## [Activity]
When you reach a picture, skip it, and retype every line below exactly.

## [Data for the task]
::::

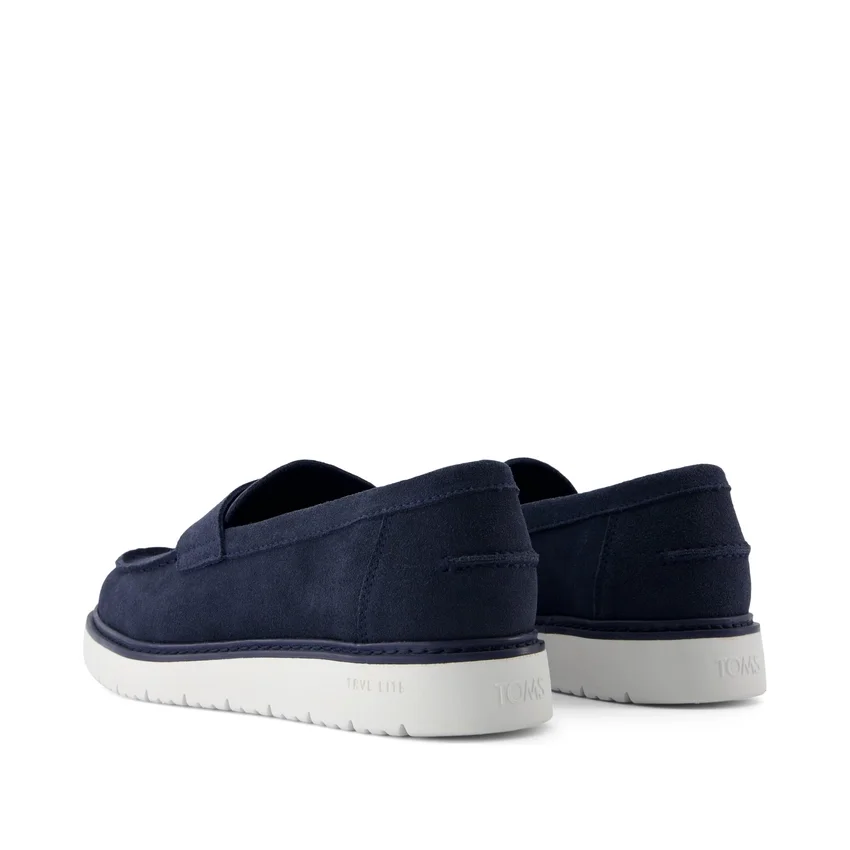 Men Navi TRVL LITE Havana Loafer Men Navi TRVL LITE Havana Loafer
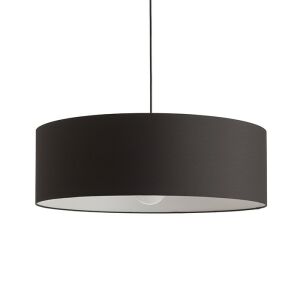 RENDL R13052 fekete-fehér függőlámpa búra - Lámpabúra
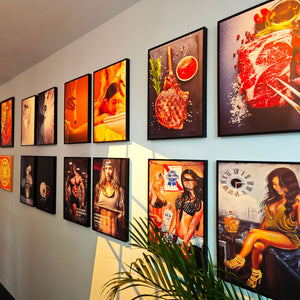 Proyector shapeable para carril trifásico - 10W - 20º-35 (5)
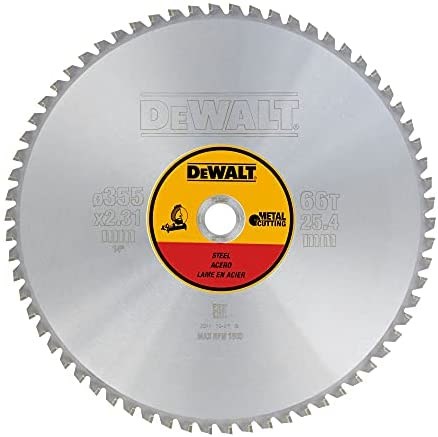 DeWALT DT1926-QZ circular saw blade 1 pc(s) DeWALT DT1926-QZ circular saw blade 1 pc(s)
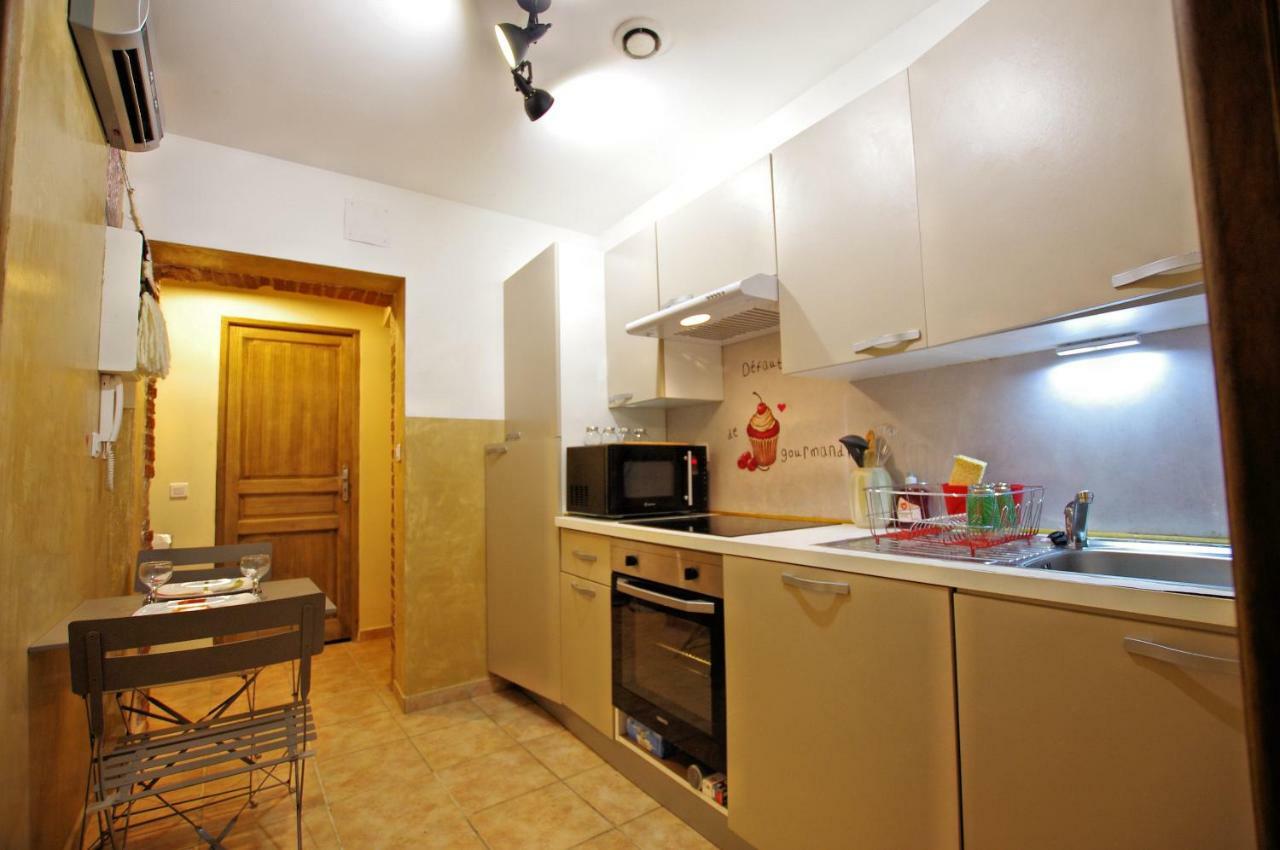 Apartmán Le Pialou Albi Exteriér fotografie
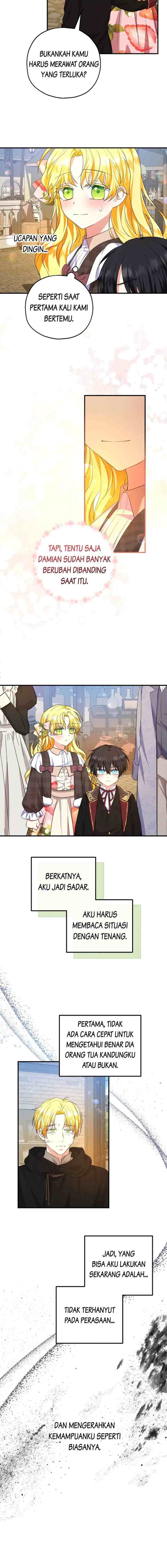 I Don't Want To Be Duke's Adopted Daughter-in-law chapter 43 halaman 11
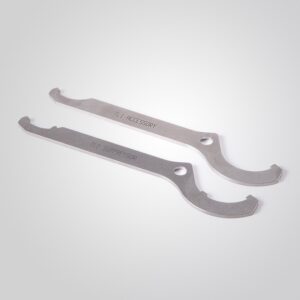 Dead Air Enhanced Spanner Wrench Kit for Both S & P-Series Mounting Adapter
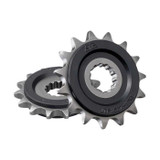 JT CHAIN AND SPROCKETS JTF1537.15RB Jt Chain And Sprockets Front Sprocket 15 Tooth W/ Rubber Buffer Jtf1537.15Rb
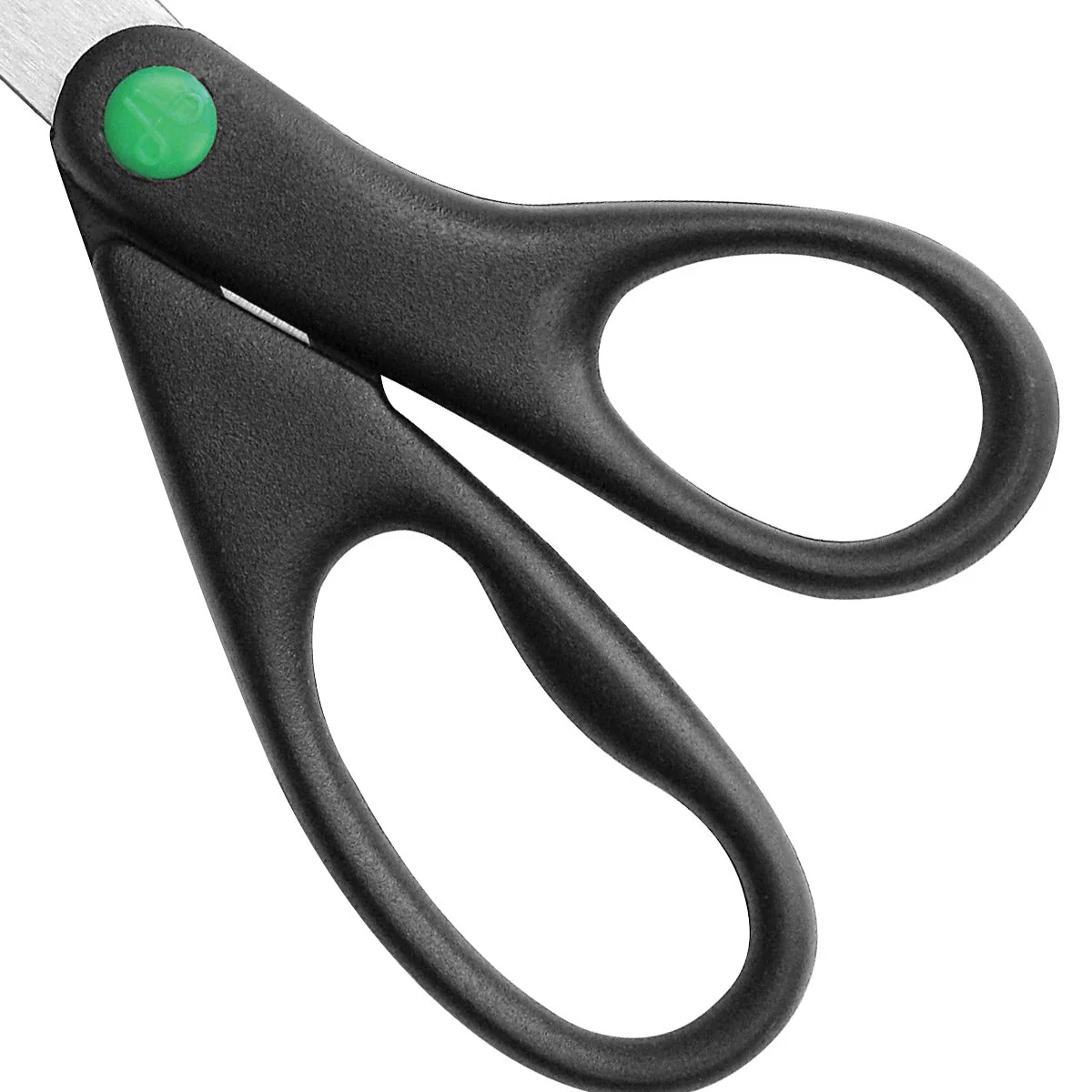 Westcott 8" Straight KleenEarth Recycled Stainless Steel Scissors (41418) - Image 3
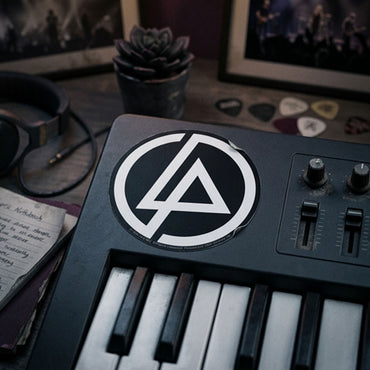 LINKIN PARK リンキンパーク (Unshatter 公開記念 ) - Logo / ステッカー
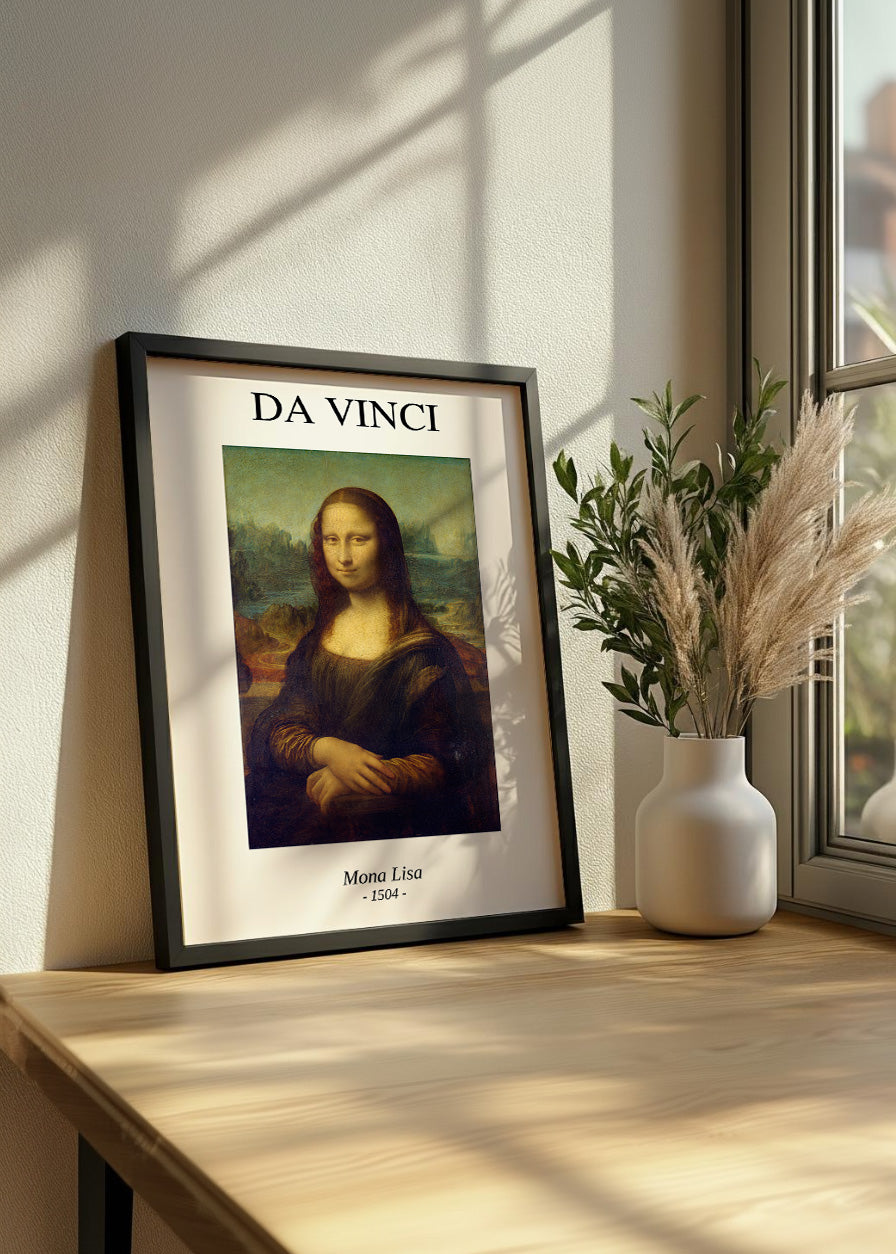 Mona Lisa (Leonardo da Vinci)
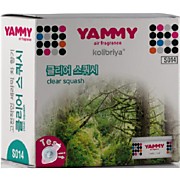 Ароматизатор меловой YAMMY баночка "Clear Squash" 56430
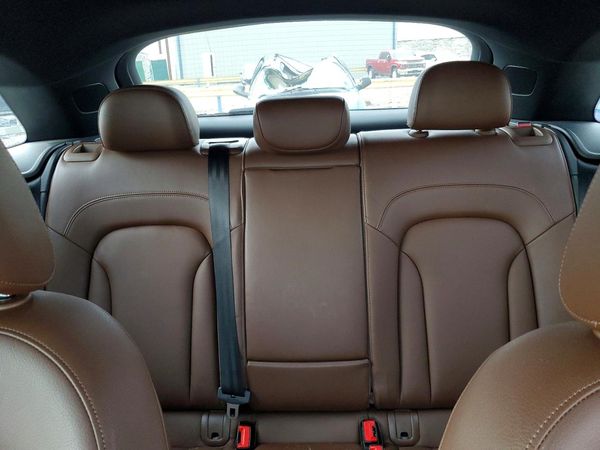 2018 AUDI Q3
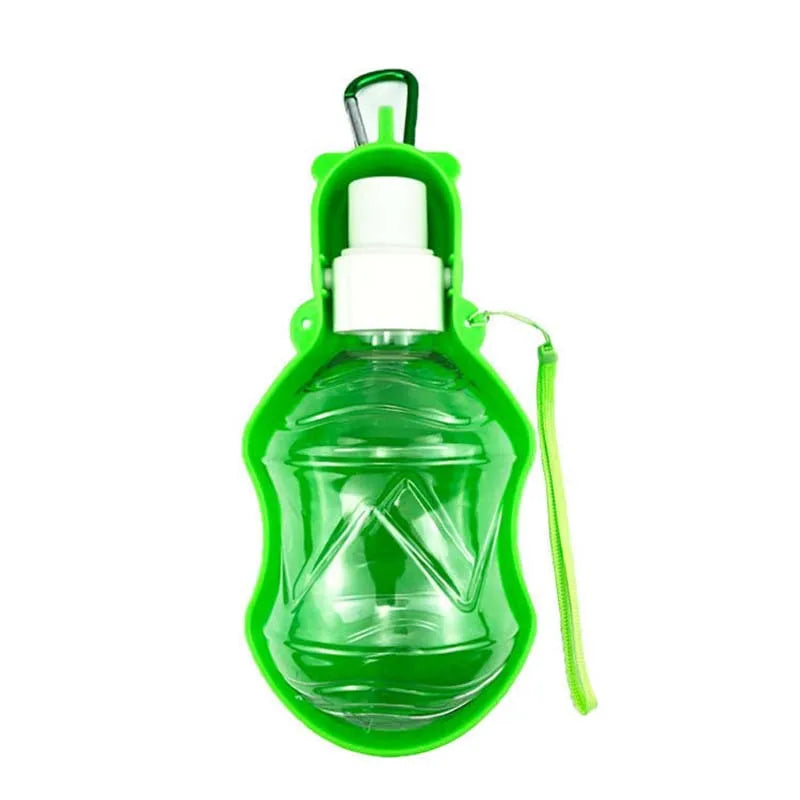Portable Dog Bottle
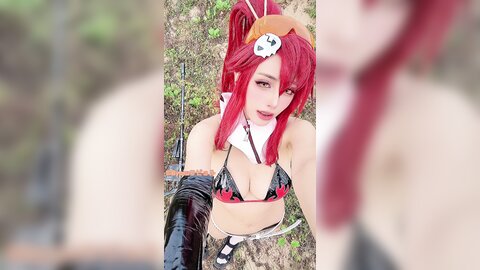 [Cosplay] Byoru - Yoko Littner (HQ)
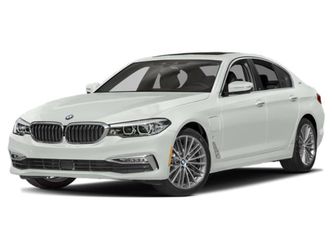 2019 BMW 530e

::::

## [Solution below]
 Men Navi TRVL LITE Havana Loafer Men Navi TRVL LITE Havana Loafer
 RENDL R13052 fekete-fehér függőlámpa búra - Lámpabúra
 Proyector shapeable para carril trifásico - 10W - 20º-35 (5)
 DeWALT DT1926-QZ circular saw blade 1 pc(s) DeWALT DT1926-QZ circular saw blade 1 pc(s)
 Apartmán Le Pialou Albi Exteriér fotografie
 I Don't Want To Be Duke's Adopted Daughter-in-law chapter 43 halaman 11
 Dead Air Enhanced Spanner Wrench Kit for Both S & P-Series Mounting Adapter
 JT CHAIN AND SPROCKETS JTF1537.15RB Jt Chain And Sprockets Front Sprocket 15 Tooth W/ Rubber Buffer Jtf1537.15Rb
 Westcott 8" Straight KleenEarth Recycled Stainless Steel Scissors (41418) - Image 3
 LINKIN PARK リンキンパーク (Unshatter 公開記念 ) - Logo / ステッカー
 Mona Lisa (Leonardo da Vinci)
 Ароматизатор меловой YAMMY баночка "Clear Squash" 56430
 2018 AUDI Q3
Portable Dog Bottle
 [Cosplay] Byoru - Yoko Littner (HQ)
 2019 BMW 530e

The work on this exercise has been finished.